Historically, oil and gas reserves definitions have included the term "reasonable certainty" when describing the standard of high confidence/low uncertainty for a conservative estimate of future recovery from an accumulation. In 2008, the U.S. Securities and Exchange Commission (SEC), one source for such definitions and regulations, changed its rules on oil and gas reserves, and moved from a more rules-based approach to a more principles-based approach. While the SEC regulations both before and after this change incorporated the term "reasonable certainty", the philosophical change from rules-based to principles-based regulation puts more responsibility on the reserves evaluator to understand the uncertainties in the reserves estimation and to "get it right".
This paper examines the stated definition of reasonable certainty as well as the effective definition based on how the regulations were interpreted under the prior rules-based system. Examples of prior methods of regulatory controls, under a rules-based system, that no longer fit under a principles-based system are noted. The paper then examines the current definition. The overprint of a principles-based regulatory system must be considered to understand how such an approach will impact the effective definition under the current rules. The insights from the financial and legal communities are examined for their learnings where other forms of regulations underwent this same philosophical change. This examination describes how rules-based systems are more "input control" focused, while principles-based systems focus more on "outcomes".
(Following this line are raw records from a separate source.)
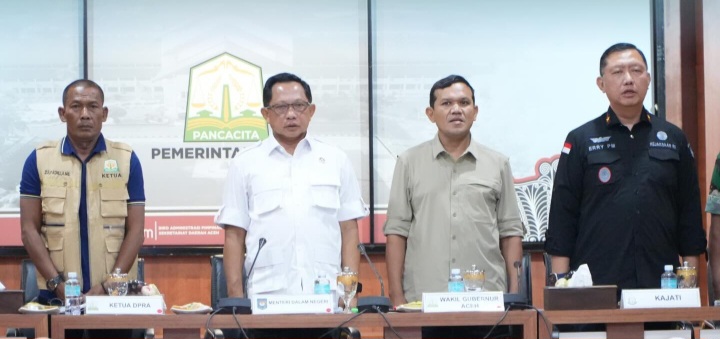 Ketua DPRA Zulfadhli, A.Md,   mendampingi Menteri Dalam Negeri RI, rapat ini juga dihadiri oleh Wakil Gubernur Aceh, Forkopimda Aceh, para Bupati/Wali Kota se-Aceh, Kepala SKPA/Biro, serta perwakilan dari berbagai instansi terkait, berlangsung di Ruang Serbaguna Setda Aceh, Banda Aceh, pada hari Sabtu, (10/01/2026).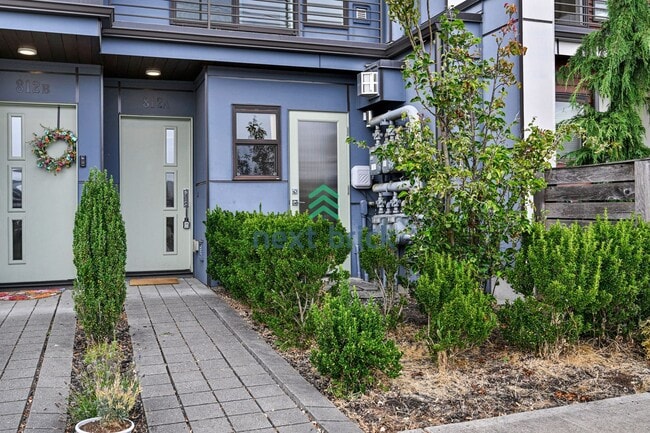 Building Photo - Stunning 3-Bed, 2.5-Bath Townhome in West ...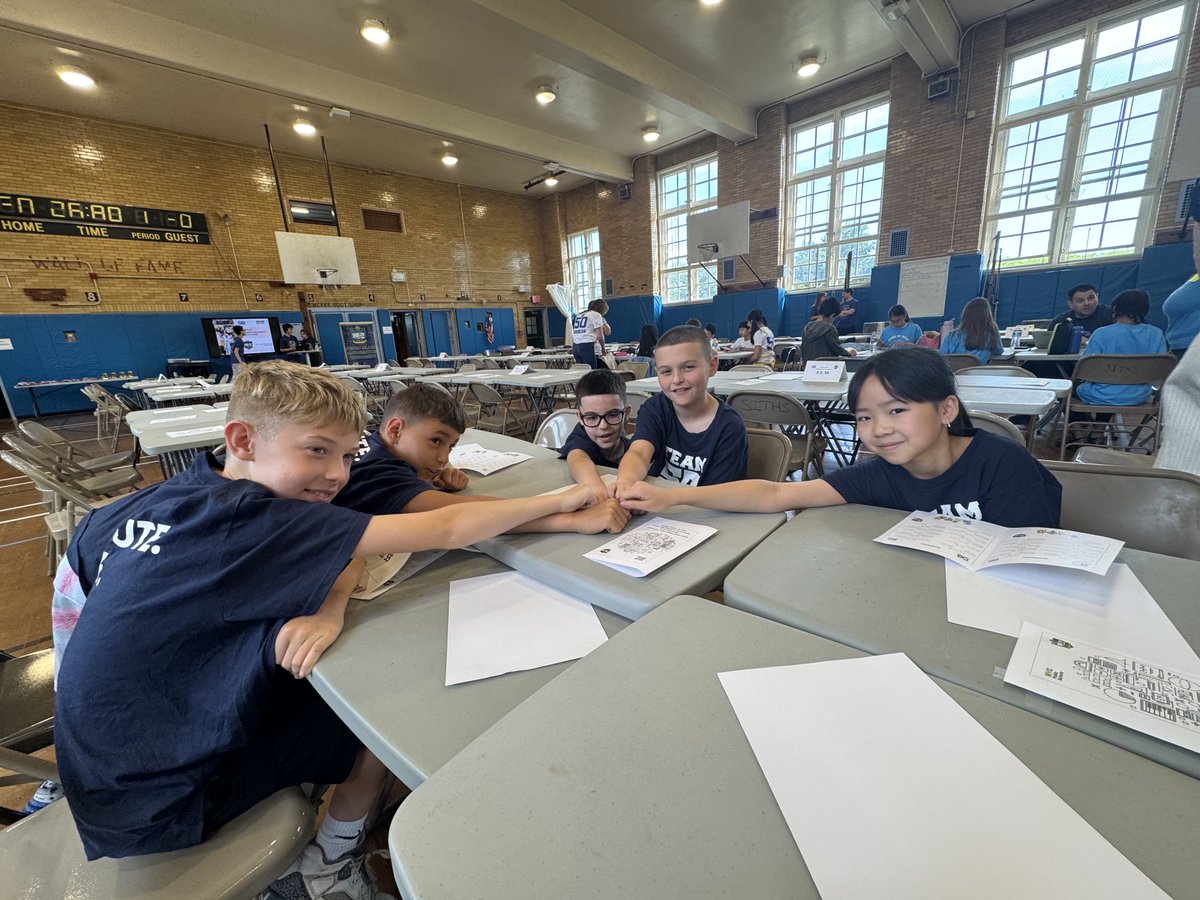 Franciii500's tweet photo. Super proud of this year’s math team, Mrs. Benitez and Mr. Vaccaro for showcasing how we S.H.I.N.E at today’s @CSD31SI Math tournament! #PS55ShiningWithPride Congratulations to @ps50si for the Win! https://t.co/bw19ZSktzj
Next the paper suggests how the reserves evaluator should apply this understanding of the new principles-based rules. The evaluator is now more responsible to understand the range of uncertainty in reserves estimates and to ensure that the outcome (the proved reserves estimate) satisfies the regulations. Also the paper discusses key tests to demonstrate that the correct outcome, a reasonably certain volume, has been achieved. After 30 years of well-established practices, the responsible reserves evaluator has examined changes as they evolved in then-current regulation text. Now the evaluator needs to additionally consider changes based on the implications of principles-based regulations.